Beyond the Curve: The Impact of COVID-19 on Higher Education

Jo Johnson, Chairman of ApplyBoard’s Advisory Board, moderated an impactful roundtable discussion with several UK experts in higher education this week. The webinar, titled, “Beyond the Curve: The Impact of COVID-19 on Higher Education,” had over 2,300 registrants from more than 90 countries around the world.

Panelists included:

  • Jo Johnson, Chairman of ApplyBoard’s Advisory Board and former Minister of State for Universities, Science, Research and Innovation in the UK
  • Maddalaine Ansell, Director of Education at the British Council
  • Mary Curnock Cook, former Chief Executive at the Universities and Colleges Admissions Service (UCAS)
  • Nick Hillman, Director of the Higher Education Policy Institute (HEPI)
  • Mark Leach, Founder and Editor-in-Chief of the higher education blog WonkHE

Over an hour, the group discussed the implications of the COVID-19 pandemic on higher education in the UK and globally, and what we might expect in the future. While the panelists were UK-based, the lessons they imparted are applicable to higher education around the world. Here are five key takeaways from the webinar:

Sector-Specific Government Support for Higher Education

While the government is offering subsidies and bailout packages across industries, many higher education experts are calling for sector-specific support for schools, for several key reasons.

The higher education sector is incredibly diverse; schools have varied access to finances and other resources based on their individual histories. The industry has faced challenges even before the pandemic, as a dip in 18-year-olds has left schools scrambling to recruit full-time undergraduate students in a much more competitive market. While schools are generally prepared financially year to year, an unexpected decline of numbers locally and now from international recruitment is a shock for the sector.

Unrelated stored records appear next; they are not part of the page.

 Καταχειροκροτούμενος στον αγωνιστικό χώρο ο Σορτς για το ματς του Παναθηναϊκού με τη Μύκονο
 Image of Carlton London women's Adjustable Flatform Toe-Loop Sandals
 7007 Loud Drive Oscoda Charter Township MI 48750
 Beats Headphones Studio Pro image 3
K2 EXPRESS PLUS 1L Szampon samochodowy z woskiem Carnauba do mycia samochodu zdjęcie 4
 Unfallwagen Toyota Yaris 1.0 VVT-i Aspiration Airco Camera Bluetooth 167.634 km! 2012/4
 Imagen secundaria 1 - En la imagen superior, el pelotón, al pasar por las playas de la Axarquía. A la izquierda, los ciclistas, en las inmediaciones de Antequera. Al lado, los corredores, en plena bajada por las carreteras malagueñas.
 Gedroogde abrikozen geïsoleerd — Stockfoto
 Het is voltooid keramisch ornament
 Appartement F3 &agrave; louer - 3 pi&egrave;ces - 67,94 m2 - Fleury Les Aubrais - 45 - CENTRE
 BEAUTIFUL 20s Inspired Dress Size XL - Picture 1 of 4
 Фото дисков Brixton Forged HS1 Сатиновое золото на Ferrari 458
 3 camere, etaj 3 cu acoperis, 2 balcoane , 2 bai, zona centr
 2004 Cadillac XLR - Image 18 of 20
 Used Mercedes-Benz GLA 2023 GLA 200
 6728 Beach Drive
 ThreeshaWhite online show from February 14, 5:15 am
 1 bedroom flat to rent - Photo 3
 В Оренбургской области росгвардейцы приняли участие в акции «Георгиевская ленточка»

Ultimately, educational institutions don’t operate in the same way other businesses do. Institutions have limited spaces available, and the collapse of one would eventually lead to significantly fewer spots for students across the board.

Higher education is needed now more than ever. In what is likely an upcoming global recession, education will be part of the key to our recovery. At this time, the actual fight against COVID-19 is being driven by countless university labs around the world. The collapse of higher education systems would prove detrimental to public health and many other sectors.

At the moment, every school is being affected by this crisis. While existing government support may help, some won’t apply to these institutions. By the end of this crisis, universities will be in more critical demand than ever as they push research forward and contribute to the larger community as significant employers.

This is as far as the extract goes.